Thursday, 25 May 2023

Split Second (Tony Maylam and Ian Sharp, 1992)

In the dystopic future of 2008 London, hard-bitten cop Harley Stone (Rutger Hauer) and his new partner Dick Durkin (Alastair Duncan) are hunting for a serial killer. 


Plagued by visions of the killer’s victims, and taunted by the killer himself, Stone is in a race against time to halt its murderous spree before it reaches its final victim…



If you follow this blog you might have noticed a long space between posts.


Frankly, I just haven’t been feeling that inspired. I have watched a lot of movies, including some that I intend to write about, but nothing was giving me a burning desire to write.


And then I watched Virus and Split Second. Sometimes it takes a movie the likes of these titles to get you back in the groove. And these are the kinds of movies that made me want to write about film in the first place.


Like VirusSplit Second is a movie cobbled together from other sources.


To its credit, the resulting confection feels like the best kind of genre bender.


Set in a flooded London - an effect of climate change - Split Second has a bleak, though tongue-in-cheek, take on the urban dystopia of earlier efforts like Blade Runner.


The flooded environments are evocative, and the sets are cluttered with interesting details that carry on the used future aesthetic that became standard in the previous decade.


This is a movie that takes pleasure in its pulpy foundations.

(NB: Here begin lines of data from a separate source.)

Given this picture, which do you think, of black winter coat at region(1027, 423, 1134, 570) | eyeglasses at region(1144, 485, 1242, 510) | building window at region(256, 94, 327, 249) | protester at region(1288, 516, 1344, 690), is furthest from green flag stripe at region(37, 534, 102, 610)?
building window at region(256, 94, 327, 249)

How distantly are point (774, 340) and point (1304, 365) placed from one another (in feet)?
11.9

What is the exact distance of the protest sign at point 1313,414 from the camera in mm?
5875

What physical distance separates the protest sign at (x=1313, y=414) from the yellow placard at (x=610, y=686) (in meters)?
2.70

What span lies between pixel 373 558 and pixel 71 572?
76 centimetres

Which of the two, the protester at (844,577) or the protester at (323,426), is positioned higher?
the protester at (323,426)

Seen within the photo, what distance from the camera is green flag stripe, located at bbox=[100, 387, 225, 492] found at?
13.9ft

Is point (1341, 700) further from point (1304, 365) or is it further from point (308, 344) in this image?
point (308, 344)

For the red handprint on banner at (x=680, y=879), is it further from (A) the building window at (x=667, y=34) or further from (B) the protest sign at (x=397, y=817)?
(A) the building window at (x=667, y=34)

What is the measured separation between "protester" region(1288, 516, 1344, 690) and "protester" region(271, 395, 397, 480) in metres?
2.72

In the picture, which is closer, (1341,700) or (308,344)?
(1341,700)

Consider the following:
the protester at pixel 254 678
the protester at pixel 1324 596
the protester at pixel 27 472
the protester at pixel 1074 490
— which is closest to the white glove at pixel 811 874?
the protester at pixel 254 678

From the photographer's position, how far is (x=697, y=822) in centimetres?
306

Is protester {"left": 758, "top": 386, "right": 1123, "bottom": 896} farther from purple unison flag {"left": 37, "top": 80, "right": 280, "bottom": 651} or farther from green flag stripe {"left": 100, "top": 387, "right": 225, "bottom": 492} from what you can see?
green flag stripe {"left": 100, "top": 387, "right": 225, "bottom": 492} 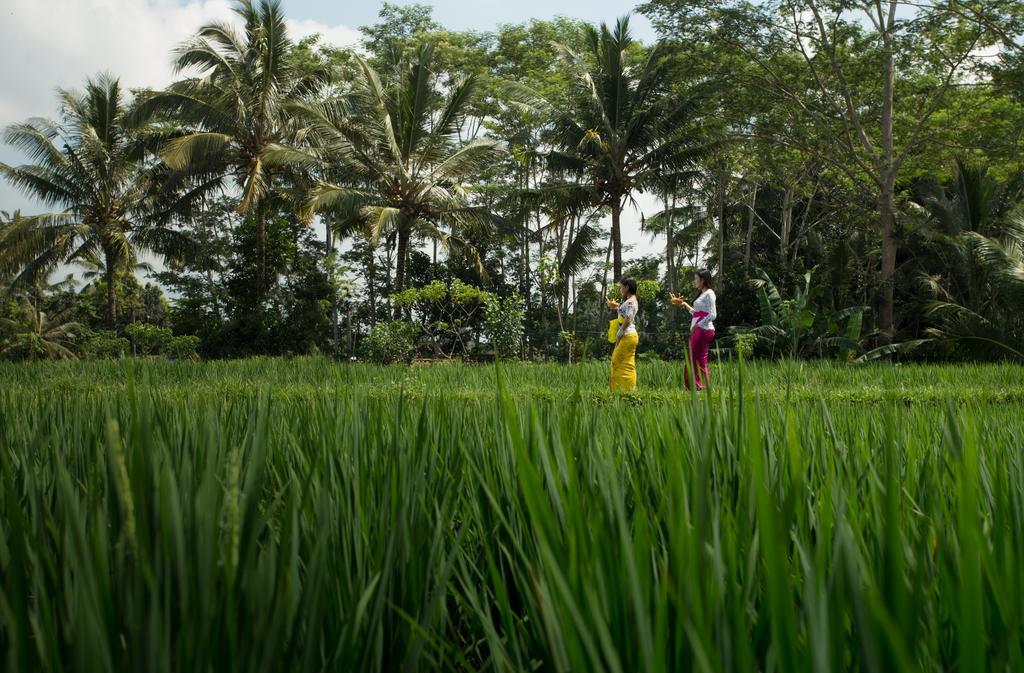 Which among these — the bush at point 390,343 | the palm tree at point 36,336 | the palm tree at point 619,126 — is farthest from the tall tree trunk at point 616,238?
the palm tree at point 36,336

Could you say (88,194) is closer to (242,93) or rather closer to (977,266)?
(242,93)

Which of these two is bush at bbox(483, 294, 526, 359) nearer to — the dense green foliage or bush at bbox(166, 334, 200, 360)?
the dense green foliage

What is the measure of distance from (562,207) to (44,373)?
11503 millimetres

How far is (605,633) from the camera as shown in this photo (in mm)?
388

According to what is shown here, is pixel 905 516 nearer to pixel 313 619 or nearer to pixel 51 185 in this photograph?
pixel 313 619

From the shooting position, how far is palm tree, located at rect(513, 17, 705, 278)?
1593 centimetres

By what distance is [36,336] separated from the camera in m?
20.1

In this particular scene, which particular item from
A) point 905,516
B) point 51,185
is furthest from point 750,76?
point 51,185

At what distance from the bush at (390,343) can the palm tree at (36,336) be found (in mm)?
9042

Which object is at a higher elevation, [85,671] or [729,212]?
[729,212]

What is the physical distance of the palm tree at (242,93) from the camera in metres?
16.3

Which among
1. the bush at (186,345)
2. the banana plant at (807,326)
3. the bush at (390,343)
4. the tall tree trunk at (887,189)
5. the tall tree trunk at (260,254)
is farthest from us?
the tall tree trunk at (260,254)

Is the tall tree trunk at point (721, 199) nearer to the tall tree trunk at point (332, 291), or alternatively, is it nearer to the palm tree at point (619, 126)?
the palm tree at point (619, 126)

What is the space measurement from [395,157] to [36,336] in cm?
1191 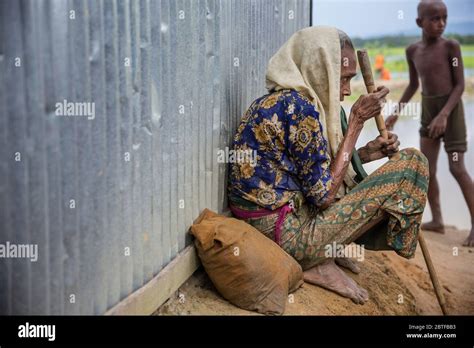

It feels like a missing feature from the comic book 2000 AD, filled with graphic compositions filled with striking colour and depth of field.


Hauer is clearly relishing the tough guy archetype, playing into the broad strokes of the archetypal American action hero. Like his Hollywood roles, there is a twinkle to Hauer’s performance that rides the line of self-awareness without calling across as too broad.


Hauer is positively earnest compared with the rest of the cast.


While he is surrounded by British actors who are playing British characters, that context is purely geographical - the characters, their dialogue and behaviour are from a completely different country - the hardboiled, overheated world of American cop movies.


On top of the bizarre mise-in-scene, that disjunct in characterisation and performance adds to the movie’s dreamlike atmosphere.


That atmosphere might not have been entirely intentional.


Split Second’s production was somewhat chaotic.


The script was in constant flux - it started out as a thriller about a satanic serial killer in contemporary LA - and the film’s credited director, The Burning’s Tony Maylam, had to step out before the end of the tight (eight week) shooting schedule.


As a final obstacle, the concept and design of the film’s otherworldly antagonist was only decided at the last minute.


Whatever the offscreen chaos, it does not so much show onscreen as infuse it on a cellular/celluloid level. Despite its familiar bones, there is a wildness and unpredictability to Split Second that is fascinating.